**Exercise**
Output range, inclusive: from the line containing "Накладная раковина Axor(Hansgrohe)" to the line containing "홍콩명품 [까르띠에]남여공용 산토스". Restate those lines from the data below word for word and only those.

**Provided entries**

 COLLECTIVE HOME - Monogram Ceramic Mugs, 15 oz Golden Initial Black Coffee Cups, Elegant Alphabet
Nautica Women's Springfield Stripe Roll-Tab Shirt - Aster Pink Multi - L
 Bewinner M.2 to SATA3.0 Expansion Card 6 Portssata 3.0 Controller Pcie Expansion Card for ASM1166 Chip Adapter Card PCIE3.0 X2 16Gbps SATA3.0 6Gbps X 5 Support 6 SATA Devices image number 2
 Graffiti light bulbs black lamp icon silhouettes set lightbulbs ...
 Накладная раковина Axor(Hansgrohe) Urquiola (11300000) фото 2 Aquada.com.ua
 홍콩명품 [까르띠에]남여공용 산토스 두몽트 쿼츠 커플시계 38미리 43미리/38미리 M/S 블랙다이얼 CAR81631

==

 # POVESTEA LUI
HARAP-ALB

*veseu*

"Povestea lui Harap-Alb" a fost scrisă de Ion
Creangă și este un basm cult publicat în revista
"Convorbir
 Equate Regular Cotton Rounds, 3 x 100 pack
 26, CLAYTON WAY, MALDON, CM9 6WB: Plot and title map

**Result for this task**
 Накладная раковина Axor(Hansgrohe) Urquiola (11300000) фото 2 Aquada.com.ua
 홍콩명품 [까르띠에]남여공용 산토스 두몽트 쿼츠 커플시계 38미리 43미리/38미리 M/S 블랙다이얼 CAR81631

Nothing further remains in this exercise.